El 9 de Julio explicado a niños


         En el día en el que nuestra Patria cumple 200 años, y siendo la Patria un regalo de Dios, es muy importante recordar sus orígenes y saber cómo nació, para que así seamos capaces de amarla cada vez, del mismo modo a como un niño ama cada vez más a su madre, al recordar el amor con el que su madre lo trajo al mundo.
         Lo que tenemos que saber es la Independencia del 9 de Julio de 1816 no se hizo de un día para otro: es más, comenzó a gestarse el 25 de Mayo de 1810; es decir, el 9 de Julio es la finalización de la Independencia declarada por la Primera Junta.
         Nuestra Patria proclamó su Independencia, pero no a través de una “revolución”, porque cuando se dice “revolución”, se quiere significar que hubo toda clase de cosas malas, como traiciones y mentiras. Nada de eso hubo en los patriotas de Mayo de 1810 y de Julio de 1816, porque la independencia no fue un acto de rebelión, como cuando un hijo malo se enoja injustamente con sus padres. La Independencia fue, por un lado, una proclamación de fidelidad al Rey de España, Fernando VII, que estaba preso por los franceses; por otro, fue un acto de madurez, porque decidimos los argentinos que, conforme a la ley vigente en ese entonces, debíamos asumir nuestro auto-control, nuestro auto-dominio y nuestra independencia, al no estar nuestra Madre Patria, España, en condiciones de gobernarnos y defendernos de las potencias extranjeras, como Francia e Inglaterra. Es como cuando un hijo bueno, respetando y amando a sus padres, decide irse a vivir solo para formar su familia, porque sus padres ya no pueden sostenerlo: ama a sus padres, pero desde ahora, forma una nueva familia con su esposa e hijos, y así es como podemos comparar nuestra independencia, porque los patriotas de Mayo y de Julio, se independizaron sólo políticamente de España, pero no renegaron, en ningún momento, de los dos legados más preciosos que nos dejó nuestra Madre Patria España: la religión católica y su cultura e idioma. Si los patriotas no se hubiesen independizado, las potencias extranjeras –Francia e Inglaterra- habrían invadido nuestra Patria, partiéndola en pedacitos cada vez más chicos, y nos habrían hecho desaparecer.

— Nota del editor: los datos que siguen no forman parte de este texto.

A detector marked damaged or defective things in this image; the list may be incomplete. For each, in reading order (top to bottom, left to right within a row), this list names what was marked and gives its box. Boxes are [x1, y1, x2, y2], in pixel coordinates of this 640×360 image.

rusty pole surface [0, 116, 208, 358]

         Que nos hayamos independizado, no quiere decir que hayamos renegado de nuestra Madre Patria España; por el contrario, fue un acto de fidelidad al Rey de España, al tiempo que un acto de madurez, por el que ya asumíamos nuestro propio destino como Nación independiente. Y dice un patriota de 1810, Fray Francisco de Paula Castañeda, que la independencia “no fue obra nuestra, sino de Dios”, por lo que también debemos estar agradecidos eternamente, porque entonces fue Dios mismo quien nos hizo nacer como Nación. Por otra parte, los Congresistas de Tucumán firmaron la Declaración de la Independencia al pie de la Santa Cruz de Jesús, un crucifijo de los franciscanos llamado “Cristo de los Congresales”, con lo cual podemos decir que la Declaración de la Independencia fue firmada por los Congresales, pero fue sellada por el sello del Rey del cielo, la Sangre de Nuestro Señor Jesús.

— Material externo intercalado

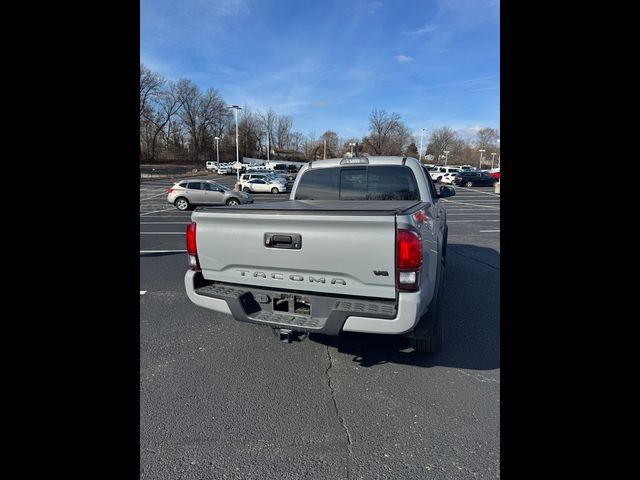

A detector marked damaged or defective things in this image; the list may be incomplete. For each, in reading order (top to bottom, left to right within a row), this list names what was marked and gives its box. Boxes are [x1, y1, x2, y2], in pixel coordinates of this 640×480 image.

cracked asphalt [140, 177, 500, 480]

          Y del mismo modo a como un niño, al nacer, es arropado por su mamá, para protegerlo de las inclemencias del tiempo, así también nuestra Patria, al nacer bajo la Santa Cruz de Jesús, estuvo arropada y envuelta en el Manto celeste y blanco de la Inmaculada Concepción, porque su Bandera Nacional fue creada por el General Manuel Belgrano con los colores del manto de la Virgen de Luján, de quien era ferviente devoto, para así rendir su homenaje a la Madre de Dios.
         Entonces, nuestra Patria nació así: bajo la Santa Cruz de Jesús y arropada en el Manto celeste y blanco de la Inmaculada Concepción de Luján. Si queremos ser fieles hijos de nuestra Patria amada, debemos siempre recordar sus orígenes sagrados y agradecer a quienes nos dieron la Patria: Jesús crucificado y la Virgen de Luján, y el mejor modo de agradecer postrados ante los altares, besando los pies de Jesús en la cruz y besando el Manto celeste y blanco de la Inmaculada Concepción, de donde fueron tomados los colores de nuestra Enseña Nacional.